Его похоронили рядом с его покойной женой в самом центре кладбища среди пышных памятников.
Вскоре умер и старый Зоммер. После себя он почти ничего не оставил. Его сын был вице-директором фарфорового завода в Клуже и держал акции, но все потерял во время войны, а остатки отцовского состояния прожил.
Теперь Оскар переехал в город, где жили Тауберы, и, когда доктора дома не было, сидел у Минны часто и подолгу.
В один прекрасный день Оскар при поддержке Минны, которая стояла рядом с братом, прямая, строгая, мрачная, словно судья, решился заговорить с Эгоном. Он просил в долг весьма значительную сумму, собираясь открыть в городе небольшое кожевенное производство. По его словам, отец отдал Минне весь сад, хотя Оскар по праву должен был унаследовать половину, и теперь доктор владеет прекрасной доходной клиникой, которая выстроена на земле его шурина. Долг Эгону Оскар обещает выплачивать по частям, и, если Эгон потребует, даже с процентами, но сейчас, в трудную минуту, Эгон не имеет права отказать Оскару в помощи. Минна подтвердила, что сад должен был быть разделен на две части.
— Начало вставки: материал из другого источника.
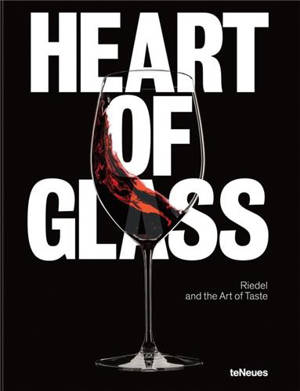 Heart of Glass Riedel and the Art of Taste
У Таубера не было такой большой суммы денег: на постройку клиники и ее оборудование ушли все его сбережения. Во время войны он зарабатывал немного, правда, мода на удаление аппендицита в 1918 году принесла ему порядочный доход. Эгон признавал правоту Оскара и соглашался, что Минна в ущерб брату получила большую часть отцовского имущества, и считал, что Эгон Таубер не может поступить некорректно, потому что он уважает себя и пользуется уважением окружающих. Оскар может поднять шум, по всему городу пойдут разговоры! Доктор Таубер называл совестью заботу о собственной популярности и страх перед общественным мнением. Эта «совесть» вытеснила в нем все человеческие страсти, которые, по его мнению, обезображивают человека, она скрашивала его одиночество и позволяла думать о себе лучше, чем он был на самом деле.
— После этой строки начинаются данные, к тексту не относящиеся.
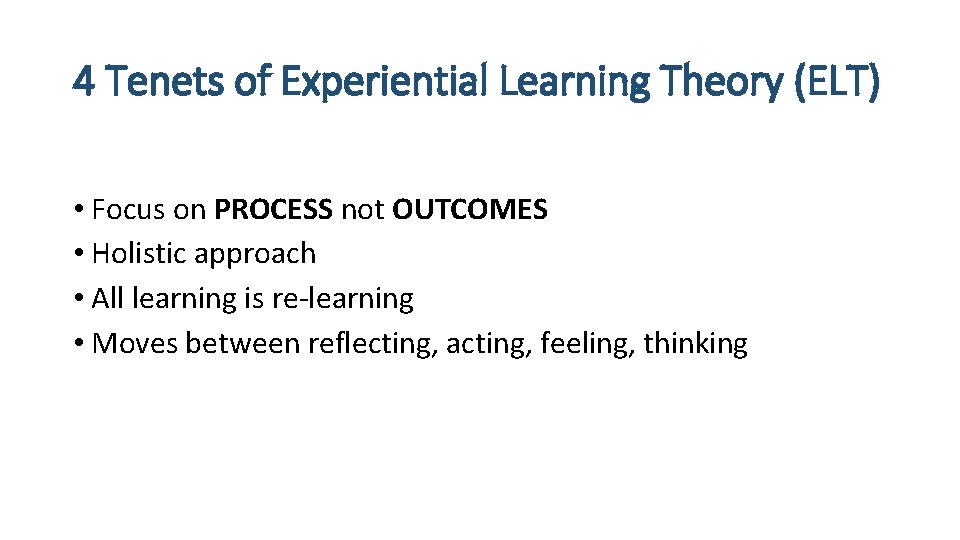 4 Tenets of Experiential Learning Theory (ELT) • Focus on PROCESS not OUTCOMES •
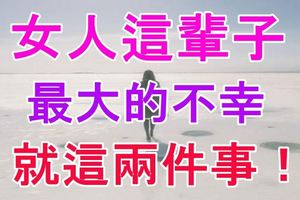 「女人這輩子最大的不幸就這兩件事！」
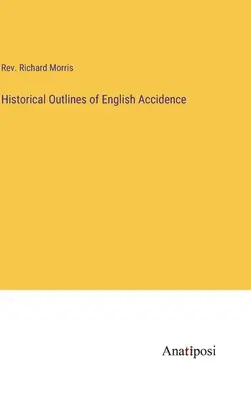 Schițe istorice ale accidentului englez - Historical Outlines of English Accidence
Он отдал без процентов шурину все свои наличные деньги, а недостающую сумму получил под залог в банке. Но на душе Эгона остался неприятный осадок. Возможно, его жена Минна стояла за справедливость, но почему так враждебно была настроена по отношению к нему, Эгону? Вздумай он противиться и отрицать права Оскара, она пошла бы на него войной. Его коробила нетактичность, с какой Минна встала на защиту брата. Все-таки она его жена и должна быть такой же выдержанной, как и он, ради его доброго имени. То, что Минна, повинуясь голосу крови, встала на сторону брата против мужа, раздражало Эгона. Он постарался забыть об Оскаре, не думать о нем. Перед богом и людьми Минна — его жена, и, может быть, даже к лучшему, что она так горячо вступилась за брата.
Некоторое время он хмурился: с тех пор как он женился, он не привык жить, не имея солидного банковского счета.
Теперь он чаще и резче покрикивал на Минну, а она, словно эти отрывистые, необидные окрики ее подстегивали, становились все ворчливее, капризнее и придирчивее.
Однажды Эгон вернулся из клиники мрачный.
— Меня обокрали! — коротко сообщил он.